Thomas P. Terry, nicknamed Tompy, is an eleven-year-old boy from Pennwell, Pennsylvania. He plays the drum in a marching band. Just before the local Labor Day parade, a hurricane strikes the town, blowing Tompy and his drum into the air for a tempestuous journey. He lands in the yellow landscape of the northern Winkie Country in the Land of Oz.

His first encounter is with another new arrival: Yankee is a space dog, the occupant of a capsule that has orbited the Moon. The capsule has come down far from its intended landing zone. Yankee quickly discovers that he can now talk. The two strangers set out to learn where they are.

In the nearby town of Wackajammy, they hear they are in Oz, and also that they are destined to rescue the local missing princess. They meet the artificial denizens of Tidy Town, and an idyllic community of "Lanternese" people who have Chinese paper lanterns for heads. Tompy's drum comes in handy on several occasions. On Upandup Mountain in the Gillikin Country, the American boy and dog befriend Jinnicky the Red Jinn; they also confront a malevolent giant called Badmannah the Terrible.

Badmannah has a magic fishnet, with which he fishes for treasure and captives from the lands below. The heroes rescue his current captive, who turns out to be the missing princess from Wackajammy; but Badmannah uses his net to scoop up the entire "castle" of Princess Ozma, with all its famous occupants, from the Emerald City. Jinnicky must use all of his magical resources to counter Badmannah's outrageous action. At the climax of their conflict, Yankee grabs the villain's magic net in his teeth, and Tompy drops it over the giant. Once Badmannah is quelled with his own magic, Jinnicky can sink him to the bottom of the Nonestic Ocean.

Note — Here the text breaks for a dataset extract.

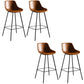 Faux Leather Dining Stools Bucket Armless Bar Stools with Metal Legs Brown 4 Piece Set Clearhalo 'Bar Furniture' 'Bar Stools' 'bar_stools' 'furn' 'furn_bar_stools' 'Furniture' 'Kitchen & Dining Furniture' 7015433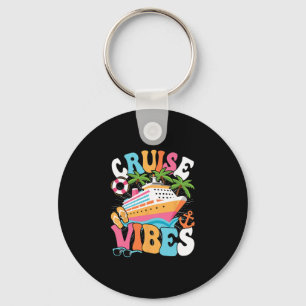 Cruise Vibes Groovy Sea Trip Women Girls Kids Key Ring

Tompy and Yankee are the saviors of Oz, and are welcomed by Ozma and her freed subjects. They are sent home to America with thanks. With a little leftover magic from Jinnicky, Tompy gets to keep Yankee as his pet, and Yankee preserves his ability to talk for one hour a day.

Background[]

Yankee in Oz is the sixth of Thompson's Oz books named after an animal - a habit that none of the other Royal Historians of Oz share (though the McGraws named their Merry Go Round in Oz after a magically-animated carousel horse).

Thompson wrote Yankee in Oz in 1959, but found no market and no publisher for another Oz book. In her story, Tompy is blown to Oz by "Hurricane Hannah." There was an actual storm of that name in 1959, though it was confined to the Atlantic Ocean and never struck land. Tompy and Yankee talk in the slang of the period, saying things like "Man, that's crazy!" And the use of animals in space exploration was a conspicuous feature of the late 1950s and early 1960s. References to space flight, "cold light," and other aspects of American technology circa 1960 occur. When Jinnicky learns of Yankee's orbit of the Moon, he is astounded, and asks, "What magic did he use?" To which Tompy answers, "The know-how and magic of American science" (Chapter 10). Later, Ozma is similarly awed (Chapter 17).

The leader of the "Lanternese" people in Chapter 8 is called Flicker. Eric Shanower uses the same name for a different character of his own devising, in his graphic novel The Ice King of Oz (1987) and his short story "Dorothy and the Mushroom Queen" (1996).

Yankee in Oz was first published by The International Wizard of Oz Club in 1972, with illustrations by Dick Martin and maps by James E. Haff. That first edition, and a second of 1986, were printed in the larger, 8½-by-11-inch format used for some of the Club's publications of the era. A third edition of 2007 returns to the standard size of previous Oz books.